### What you should do
Your response should be the complete listing, copied exactly.

Content starts

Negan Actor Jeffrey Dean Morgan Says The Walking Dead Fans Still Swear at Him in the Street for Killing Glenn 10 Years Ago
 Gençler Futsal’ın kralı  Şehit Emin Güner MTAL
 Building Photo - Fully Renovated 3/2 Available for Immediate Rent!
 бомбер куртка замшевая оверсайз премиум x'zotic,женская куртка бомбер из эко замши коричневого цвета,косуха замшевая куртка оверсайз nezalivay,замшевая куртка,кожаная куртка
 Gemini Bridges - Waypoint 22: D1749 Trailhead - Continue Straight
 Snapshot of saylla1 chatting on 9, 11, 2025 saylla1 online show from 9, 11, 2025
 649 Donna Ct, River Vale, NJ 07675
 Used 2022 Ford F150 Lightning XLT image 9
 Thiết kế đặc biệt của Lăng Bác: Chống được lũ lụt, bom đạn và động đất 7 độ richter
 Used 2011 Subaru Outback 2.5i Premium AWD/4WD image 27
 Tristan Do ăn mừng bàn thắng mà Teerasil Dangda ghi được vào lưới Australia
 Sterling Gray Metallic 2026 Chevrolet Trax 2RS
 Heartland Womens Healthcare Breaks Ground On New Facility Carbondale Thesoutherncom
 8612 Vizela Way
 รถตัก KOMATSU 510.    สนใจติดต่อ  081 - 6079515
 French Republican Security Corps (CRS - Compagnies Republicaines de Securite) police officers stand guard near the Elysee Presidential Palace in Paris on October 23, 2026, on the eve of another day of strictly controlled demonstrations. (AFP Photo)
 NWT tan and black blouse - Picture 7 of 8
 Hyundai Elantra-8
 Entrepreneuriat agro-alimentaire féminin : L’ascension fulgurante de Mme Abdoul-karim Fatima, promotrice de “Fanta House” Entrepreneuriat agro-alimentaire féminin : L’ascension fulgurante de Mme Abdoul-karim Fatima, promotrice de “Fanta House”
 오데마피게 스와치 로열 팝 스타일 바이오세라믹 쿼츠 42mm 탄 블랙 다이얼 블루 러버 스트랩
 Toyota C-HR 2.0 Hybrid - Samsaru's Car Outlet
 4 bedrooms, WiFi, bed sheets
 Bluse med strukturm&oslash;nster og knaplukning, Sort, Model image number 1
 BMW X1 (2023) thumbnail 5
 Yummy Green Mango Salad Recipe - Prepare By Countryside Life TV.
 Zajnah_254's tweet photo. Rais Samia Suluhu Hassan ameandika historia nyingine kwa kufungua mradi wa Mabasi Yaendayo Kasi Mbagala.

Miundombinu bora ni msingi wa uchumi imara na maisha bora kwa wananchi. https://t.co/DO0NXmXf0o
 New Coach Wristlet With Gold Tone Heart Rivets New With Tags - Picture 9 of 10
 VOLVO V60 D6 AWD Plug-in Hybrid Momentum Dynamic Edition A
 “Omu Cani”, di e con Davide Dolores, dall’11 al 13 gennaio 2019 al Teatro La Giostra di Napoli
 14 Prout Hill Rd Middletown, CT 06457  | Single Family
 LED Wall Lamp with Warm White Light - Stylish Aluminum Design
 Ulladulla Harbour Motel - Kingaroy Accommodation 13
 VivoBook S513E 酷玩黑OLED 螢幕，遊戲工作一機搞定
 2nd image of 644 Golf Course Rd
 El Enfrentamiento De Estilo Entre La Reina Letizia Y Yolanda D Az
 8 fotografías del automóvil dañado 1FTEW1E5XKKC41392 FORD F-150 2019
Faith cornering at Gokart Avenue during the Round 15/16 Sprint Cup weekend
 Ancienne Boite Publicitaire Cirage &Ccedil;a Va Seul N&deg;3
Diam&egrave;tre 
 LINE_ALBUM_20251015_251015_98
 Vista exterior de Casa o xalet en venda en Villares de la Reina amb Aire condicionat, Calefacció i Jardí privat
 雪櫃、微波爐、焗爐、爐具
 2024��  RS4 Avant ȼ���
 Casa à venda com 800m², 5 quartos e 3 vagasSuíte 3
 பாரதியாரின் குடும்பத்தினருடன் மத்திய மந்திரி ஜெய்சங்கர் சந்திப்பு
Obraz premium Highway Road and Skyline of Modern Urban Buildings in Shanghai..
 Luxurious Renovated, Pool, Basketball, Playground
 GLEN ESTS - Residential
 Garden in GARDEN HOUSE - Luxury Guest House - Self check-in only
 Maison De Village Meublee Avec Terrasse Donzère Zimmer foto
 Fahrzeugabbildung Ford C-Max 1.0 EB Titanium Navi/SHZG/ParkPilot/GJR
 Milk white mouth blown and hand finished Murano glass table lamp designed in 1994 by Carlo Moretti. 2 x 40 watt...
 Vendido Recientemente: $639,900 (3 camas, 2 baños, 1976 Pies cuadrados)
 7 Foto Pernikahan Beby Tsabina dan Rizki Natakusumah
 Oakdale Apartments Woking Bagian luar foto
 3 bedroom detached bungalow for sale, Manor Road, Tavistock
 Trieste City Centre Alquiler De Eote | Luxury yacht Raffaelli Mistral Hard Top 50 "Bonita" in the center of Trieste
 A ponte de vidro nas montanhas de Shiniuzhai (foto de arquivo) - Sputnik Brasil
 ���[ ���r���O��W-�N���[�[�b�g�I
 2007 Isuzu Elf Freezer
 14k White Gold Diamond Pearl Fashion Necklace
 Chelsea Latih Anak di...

Content ends

### Answer space
Negan Actor Jeffrey Dean Morgan Says The Walking Dead Fans Still Swear at Him in the Street for Killing Glenn 10 Years Ago
 Gençler Futsal’ın kralı  Şehit Emin Güner MTAL
 Building Photo - Fully Renovated 3/2 Available for Immediate Rent!
 бомбер куртка замшевая оверсайз премиум x'zotic,женская куртка бомбер из эко замши коричневого цвета,косуха замшевая куртка оверсайз nezalivay,замшевая куртка,кожаная куртка
 Gemini Bridges - Waypoint 22: D1749 Trailhead - Continue Straight
 Snapshot of saylla1 chatting on 9, 11, 2025 saylla1 online show from 9, 11, 2025
 649 Donna Ct, River Vale, NJ 07675
 Used 2022 Ford F150 Lightning XLT image 9
 Thiết kế đặc biệt của Lăng Bác: Chống được lũ lụt, bom đạn và động đất 7 độ richter
 Used 2011 Subaru Outback 2.5i Premium AWD/4WD image 27
 Tristan Do ăn mừng bàn thắng mà Teerasil Dangda ghi được vào lưới Australia
 Sterling Gray Metallic 2026 Chevrolet Trax 2RS
 Heartland Womens Healthcare Breaks Ground On New Facility Carbondale Thesoutherncom
 8612 Vizela Way
 รถตัก KOMATSU 510.    สนใจติดต่อ  081 - 6079515
 French Republican Security Corps (CRS - Compagnies Republicaines de Securite) police officers stand guard near the Elysee Presidential Palace in Paris on October 23, 2026, on the eve of another day of strictly controlled demonstrations. (AFP Photo)
 NWT tan and black blouse - Picture 7 of 8
 Hyundai Elantra-8
 Entrepreneuriat agro-alimentaire féminin : L’ascension fulgurante de Mme Abdoul-karim Fatima, promotrice de “Fanta House” Entrepreneuriat agro-alimentaire féminin : L’ascension fulgurante de Mme Abdoul-karim Fatima, promotrice de “Fanta House”
 오데마피게 스와치 로열 팝 스타일 바이오세라믹 쿼츠 42mm 탄 블랙 다이얼 블루 러버 스트랩
 Toyota C-HR 2.0 Hybrid - Samsaru's Car Outlet
 4 bedrooms, WiFi, bed sheets
 Bluse med strukturm&oslash;nster og knaplukning, Sort, Model image number 1
 BMW X1 (2023) thumbnail 5
 Yummy Green Mango Salad Recipe - Prepare By Countryside Life TV.
 Zajnah_254's tweet photo. Rais Samia Suluhu Hassan ameandika historia nyingine kwa kufungua mradi wa Mabasi Yaendayo Kasi Mbagala.

Miundombinu bora ni msingi wa uchumi imara na maisha bora kwa wananchi. https://t.co/DO0NXmXf0o
 New Coach Wristlet With Gold Tone Heart Rivets New With Tags - Picture 9 of 10
 VOLVO V60 D6 AWD Plug-in Hybrid Momentum Dynamic Edition A
 “Omu Cani”, di e con Davide Dolores, dall’11 al 13 gennaio 2019 al Teatro La Giostra di Napoli
 14 Prout Hill Rd Middletown, CT 06457  | Single Family
 LED Wall Lamp with Warm White Light - Stylish Aluminum Design
 Ulladulla Harbour Motel - Kingaroy Accommodation 13
 VivoBook S513E 酷玩黑OLED 螢幕，遊戲工作一機搞定
 2nd image of 644 Golf Course Rd
 El Enfrentamiento De Estilo Entre La Reina Letizia Y Yolanda D Az
 8 fotografías del automóvil dañado 1FTEW1E5XKKC41392 FORD F-150 2019
Faith cornering at Gokart Avenue during the Round 15/16 Sprint Cup weekend
 Ancienne Boite Publicitaire Cirage &Ccedil;a Va Seul N&deg;3
Diam&egrave;tre 
 LINE_ALBUM_20251015_251015_98
 Vista exterior de Casa o xalet en venda en Villares de la Reina amb Aire condicionat, Calefacció i Jardí privat
 雪櫃、微波爐、焗爐、爐具
 2024��  RS4 Avant ȼ���
 Casa à venda com 800m², 5 quartos e 3 vagasSuíte 3
 பாரதியாரின் குடும்பத்தினருடன் மத்திய மந்திரி ஜெய்சங்கர் சந்திப்பு
Obraz premium Highway Road and Skyline of Modern Urban Buildings in Shanghai..
 Luxurious Renovated, Pool, Basketball, Playground
 GLEN ESTS - Residential
 Garden in GARDEN HOUSE - Luxury Guest House - Self check-in only
 Maison De Village Meublee Avec Terrasse Donzère Zimmer foto
 Fahrzeugabbildung Ford C-Max 1.0 EB Titanium Navi/SHZG/ParkPilot/GJR
 Milk white mouth blown and hand finished Murano glass table lamp designed in 1994 by Carlo Moretti. 2 x 40 watt...
 Vendido Recientemente: $639,900 (3 camas, 2 baños, 1976 Pies cuadrados)
 7 Foto Pernikahan Beby Tsabina dan Rizki Natakusumah
 Oakdale Apartments Woking Bagian luar foto
 3 bedroom detached bungalow for sale, Manor Road, Tavistock
 Trieste City Centre Alquiler De Eote | Luxury yacht Raffaelli Mistral Hard Top 50 "Bonita" in the center of Trieste
 A ponte de vidro nas montanhas de Shiniuzhai (foto de arquivo) - Sputnik Brasil
 ���[ ���r���O��W-�N���[�[�b�g�I
 2007 Isuzu Elf Freezer
 14k White Gold Diamond Pearl Fashion Necklace
 Chelsea Latih Anak di...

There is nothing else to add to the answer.